2.     BSs integrate information using precision weighting (1170). This means that the information is combined sensitive to their relative reliability (as measured probabilistically): “It is a core feature of Bayesian systems that when sources of information are combined, they are weighted by their relative reliability (1171).”
3.     BSs integrate new information and prior information according to their relative precisions. This is analogous to what occurs when several sources of new information are combined (e.g. visual and haptic info). As OJB puts it: “the combined estimate is partway between the current information and the prior, with the exact position depending on the relative precision of the current estimate and the prior (1171).”
4.     BSs represent the values of all parameters in the model jointly, viz. “It is a central characteristic of fully Bayesian models that they represent the full state space (i.e. the full joint probability distribution across all parameters) (1171).”

In sum: a BS represents info as PDFs, does precision weighted integration of old and new info, and fully represents and updates all info in the state space. If this is what a BS is, then there are several obvious ways that a given proposal can be non-BS. A useful feature of OJB is that it contrasts each of these definitional features with a non-BS alternative. Here are some ways that a proposed system can be non-BS.

·      It represents quantities as exact (contra 1). For example, in the MSTG paper here, learners represented their word knowledge with no apparent measure of uncertainty in the estimate.
·      It combines info without sensitivity to its reliability (contra 2). Thus, e.g. in the MSTG paper information is not combined probabilistically by considering the weighting of the prior and input. Rather contrary info leads one to drop the old info completely and arbitrarily choose a new candidate.
·      It uses a truncated parameter spaces or does not compute values for all alternatives in the space. Again, in MSTG paper the relevant word-meaning alternatives are not updated at all as only one candidate at a time is attended to.

The empirical Bayes question then is pretty straightforward conceptually: to what degree do various systems act in a BS manner and when a system deviates along one of the three dimensions of interest, how serious a deviation is it? Once again, OJB offer useful illustrations. For example, OJB notes that multi-sensory integration looks very BSish. It represents incoming info PDFly and does precision weighted integration of the various inputs. Well almost. It seems that some modalities might be weighted more than “is optimal” (1172). However, by and large, the BS model the central features of how this works. Thus, in this case, the BS model is a reasonable description of the relevant mechanism.

There are other cases where the BS idealization is far less successful. For example, it is well known that “adding parameters to a model (more dimensions to the model) increases the size of the state space, and the computing power required to represent and update it, exponentially (1171).” Apparently problems arise even when there are only “a handful of dimensions of state spaces” (1175). Therefore, in many cases, it seems that behavior is better described by “semi-Bayesian models,” (viz. with truncated state spaces) or “non-Bayesian models” (viz. in which some parameters are updated and some ignored) (1175).  Or models in which “variance-blind heuristics” substitute for precision weighted integration or “rather than optimizing learning by integrating information over several trials, participants seem to use only one previous exemplar of each category to determine its ‘mean’ (1175).”

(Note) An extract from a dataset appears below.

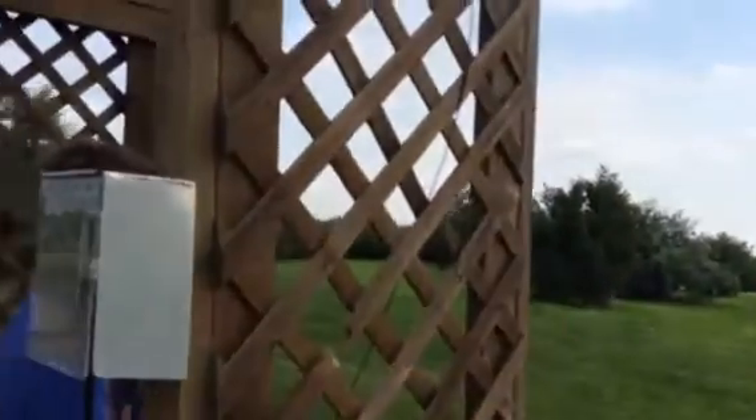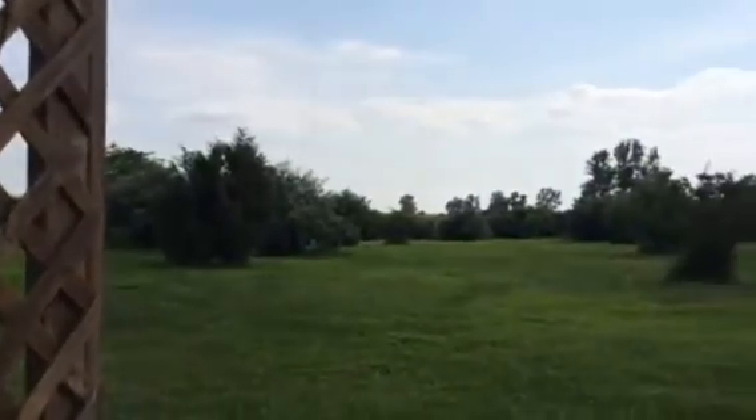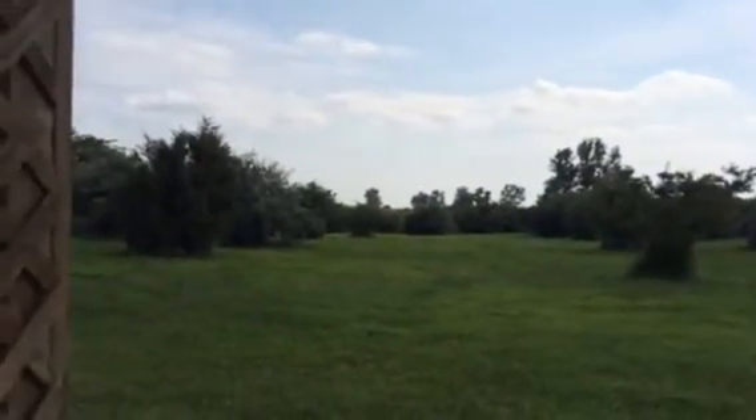This one's pretty much straight up, right? Pretty much. Where's it come out of? Over there, behind those bushes. Okay.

OJB describe various other scenarios of interest all with the same aim: to show how to take Bayes seriously as a substantive piece of cog-neuro science. It is precisely because not everything is Bayesian that arguing that a mechanism is Bayes that one might get some explanatory insight from the classification. OJB take Bayes to be a useful description for some class of mechanisms, ones with the three basic characteristics noted above: PDF representations, precision weighted integration and fully jointly specified state space.

OJB points out one further positive feature of taking Bayes in this way: you can start looking for neural mechanisms that execute these functions, e.g. how neurons or populations of neurons might allow for PDF like representations and their integrations. In other words, a mechanistic interpretation of Bayes leads to an understandable research program, one with real potential empirical reach.

Let me end here. I understand the OMB version of Bayes. I am not sure how much it describes linguistic phenomena, but that is an empirical question, and not one that I will be well placed to adjudicate. However, it is understandable. What is less understandable are versions that do not treat Bayes as a hypothesis about mental/neural mechanisms. If Bayes is not this, then why should we care? Indeed, what possible reason can there be in not taking Bayes in this mechanistic way?  Is it the fear that it might be wrong so construed?  Is being wrong so bad?  Isn’t it the aim of cog-neuro to develop and examine theories that could be wrong? So, my question to non-mechanistic Bayesians: what’s the value added?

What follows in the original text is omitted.